The Nationale Handelsbank was a Dutch bank that was established to financing trade between the Netherlands and the Dutch East Indies. After operating independently for nearly a hundred years, the parts in Indonesia, were nationalized by the Indonesian government and the remainder was acquired by the Rotterdamsche Bank in 1960 and would be absorbed into AMRO Bank.
1863: The Nederlandsch-Indische Handelsbank was established in 1863 to finance and handle trade with the Netherlands East Indies (NEI). It had its head office in Amsterdam to which the branches outside the NEI reported. The branches in the NEI reported to the head office in Jakarta.
1901: The bank established a branch in Singapore. Until 1914, this was the main entrepot for the NEI. Smaller coastal vessels then shuttled back and forth between Singapore and ports in the NEI.
1906: The bank established a branch in Hong Kong. Before World War I Hong Kong was a major transshipment point for raw sugar from NEI on its way to British refineries.

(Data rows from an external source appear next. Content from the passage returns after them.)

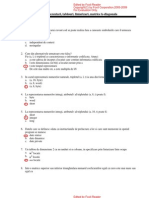 Licenta - Structuri de Date Rezolvate - Thadeus123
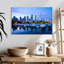 «Sireci Toronto Waterfront Blue Hour»-107832636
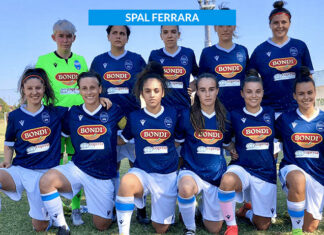 Vittoria per la Spal contro il Riccione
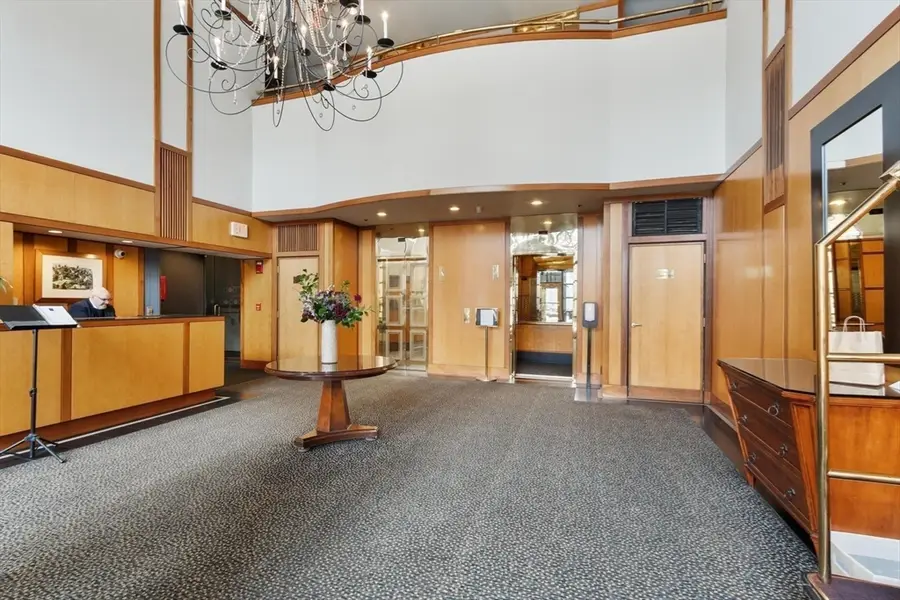 170 Tremont St #504, Boston, MA 02111 - #2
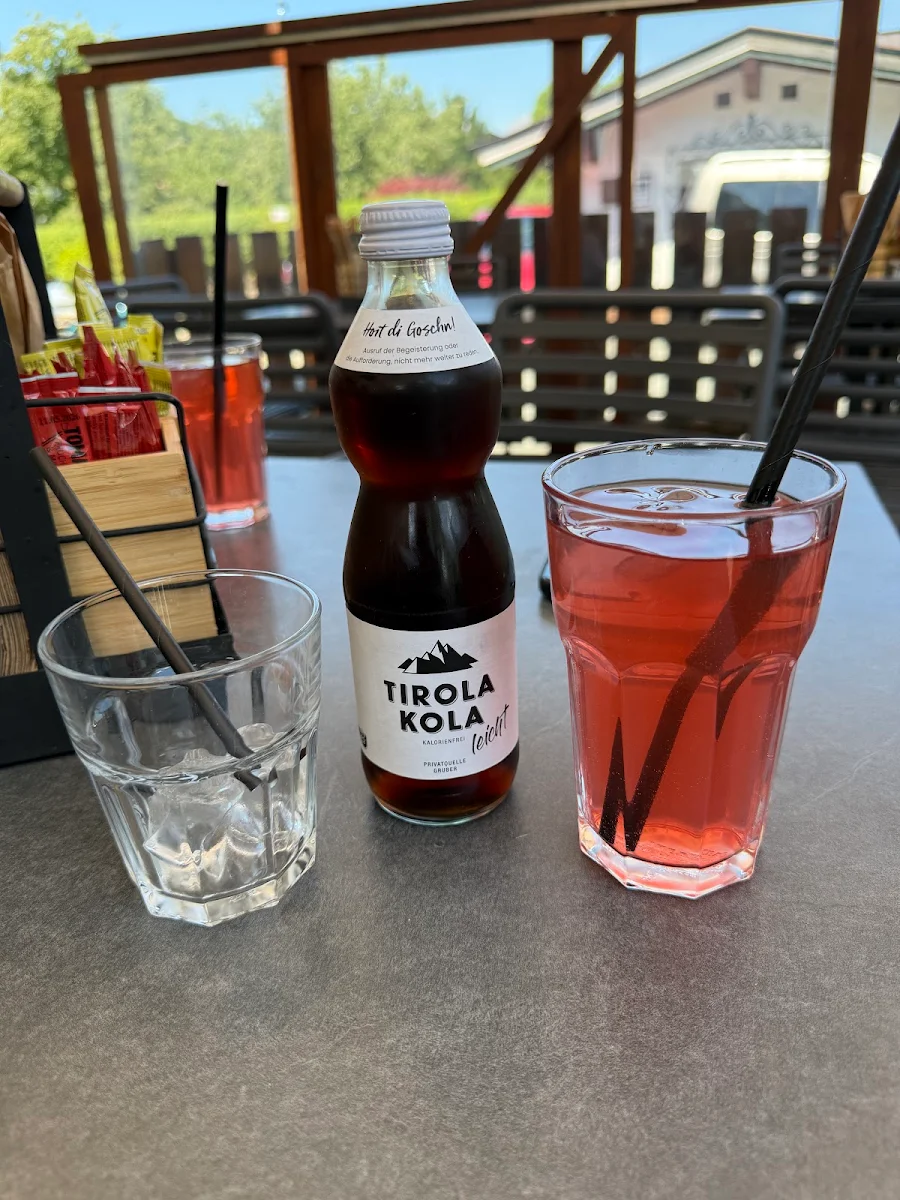 Makove Organic Ice Tea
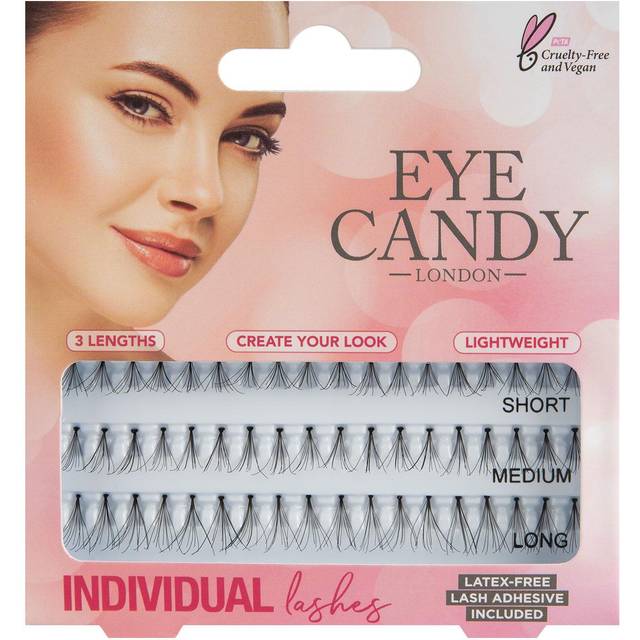 Eye Candy Individual Combo 50's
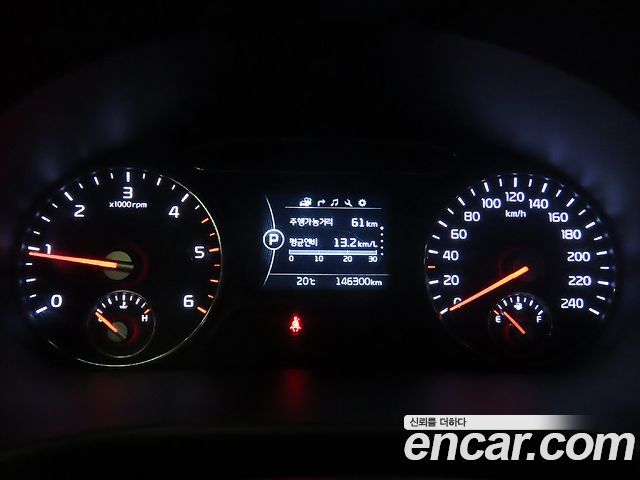 Kia Sorento 2017 — photo 9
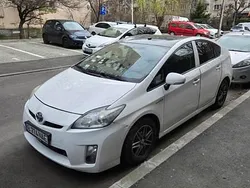 Utilizat 2011 Toyota Prius Hatchback | 5.500 EUR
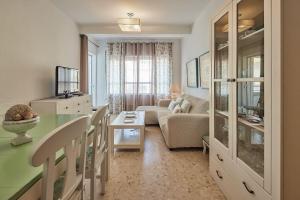 Paso del Mar Ha Apartment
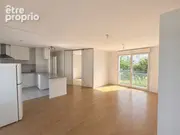 Appartement à NANTERRE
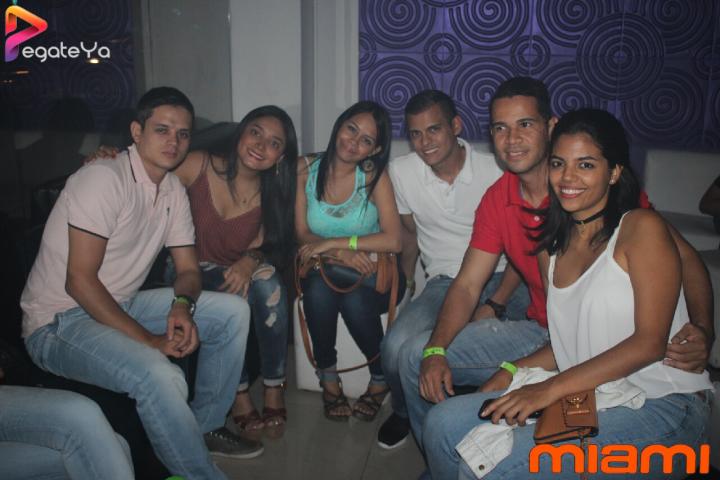 Foto 52 de Miami - 2DO Fds julio 2016 en Miami Bar Cali, Cali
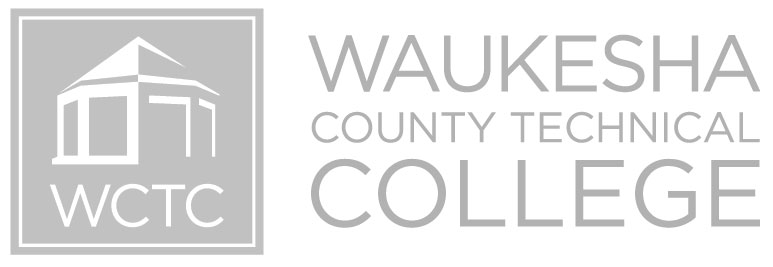Waukesha County Technical College logo
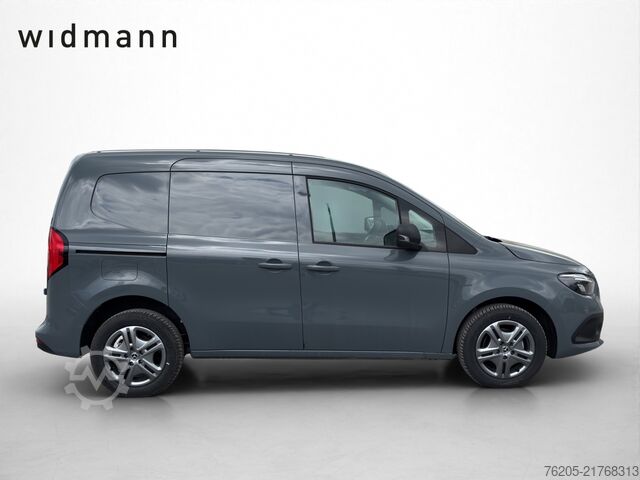 Duba panelată Mercedes-Benz Citan 112 CDI Kasten PRO Standard DynLicht Kam.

1962: Rotterdamsche Bank sold Nationale Handelsbank’s branches in Bangkok, Hong Kong, Singapore, and Tokyo to Chase Manhattan Bank.
1963: Nationale Handelsbank sold 50% of Mercantile Bank to Citibank.
1965: Nationale Handelsbank sold the remaining 50% of Mercantile Bank to Citibank, giving rise to the “Mercantile Bank Affair”. Nationale Handelsbank also changed its name to Nationale Bank voor Middellang Krediet (National Bank for Medium-Term Credit).
1967: Nationale Bank voor Middellang Krediet was absorbed into AMRO Bank which would become ABN AMRO.